- _Exercise prompt_:
When you transcribe the listing, keep each line exact and drop the pictures.

- _Provided data_:
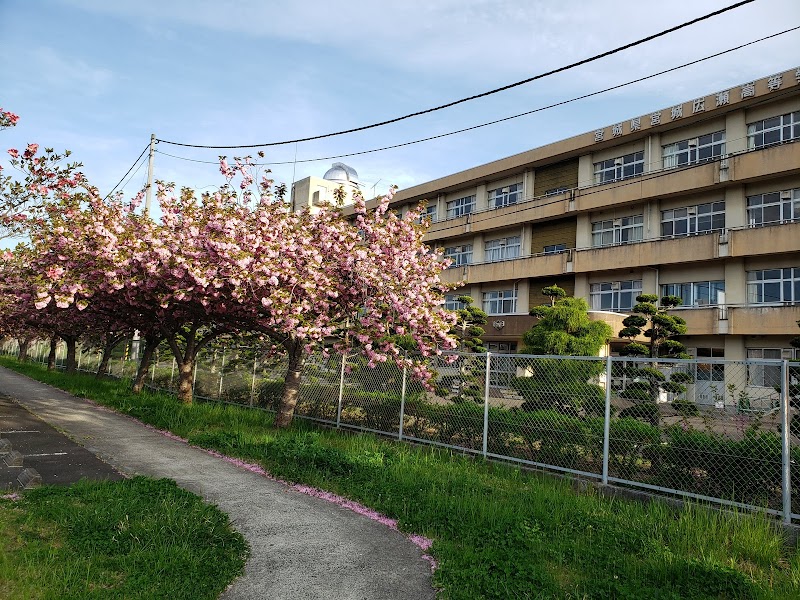 宮城県宮城広瀬高等学校 宮城県仙台市青葉区落合 高等学校 高等学校 グルコミ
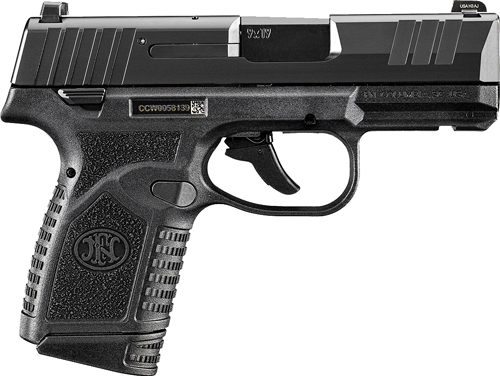 FN REFLEX 9MM LUGER - 1-11RD 1-15RD BLACK SAFETY - Image 4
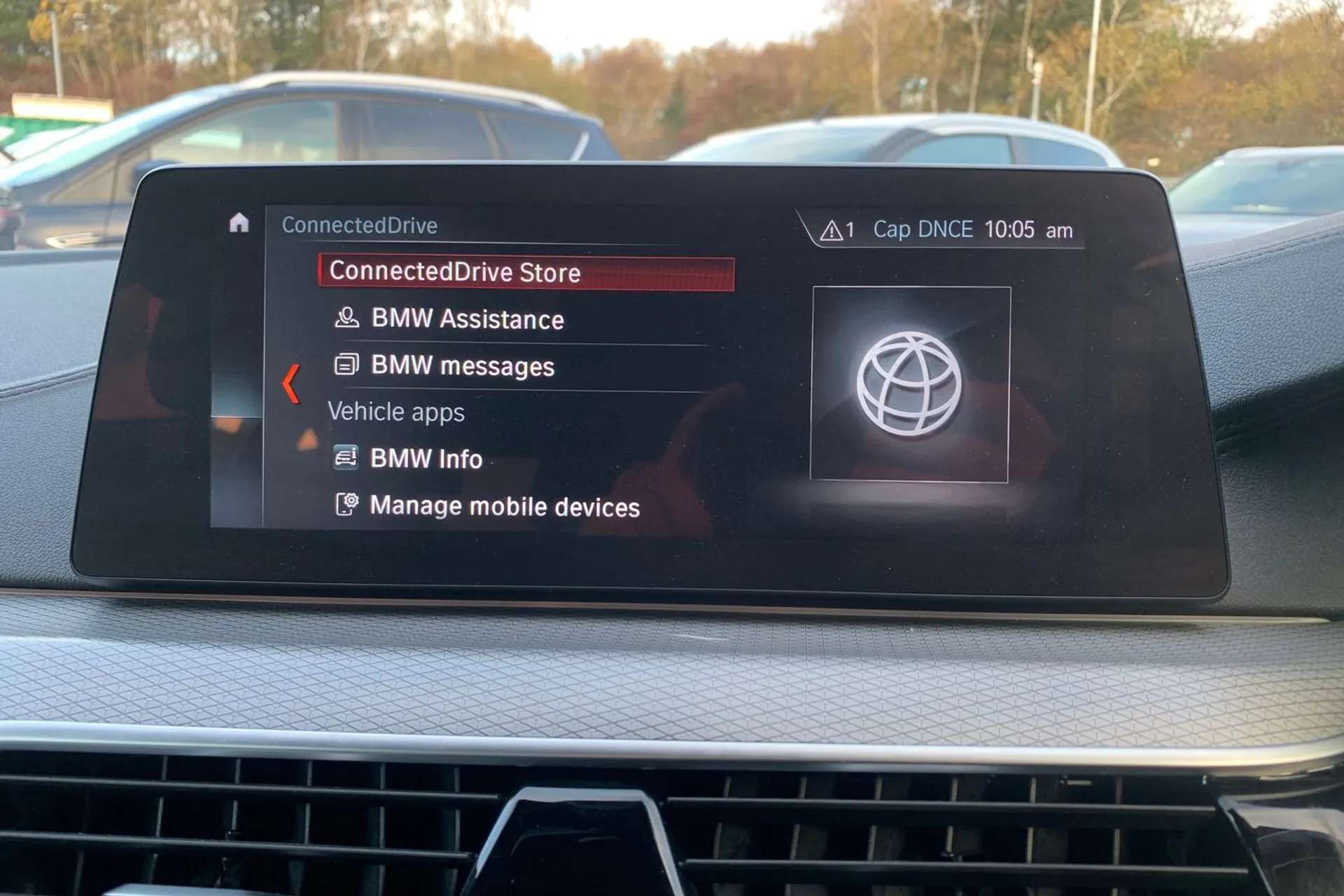 2018 BMW 5 SERIES 2018 BMW 5 SERIES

- _Output of the task_:
 宮城県宮城広瀬高等学校 宮城県仙台市青葉区落合 高等学校 高等学校 グルコミ
 FN REFLEX 9MM LUGER - 1-11RD 1-15RD BLACK SAFETY - Image 4
 2018 BMW 5 SERIES 2018 BMW 5 SERIES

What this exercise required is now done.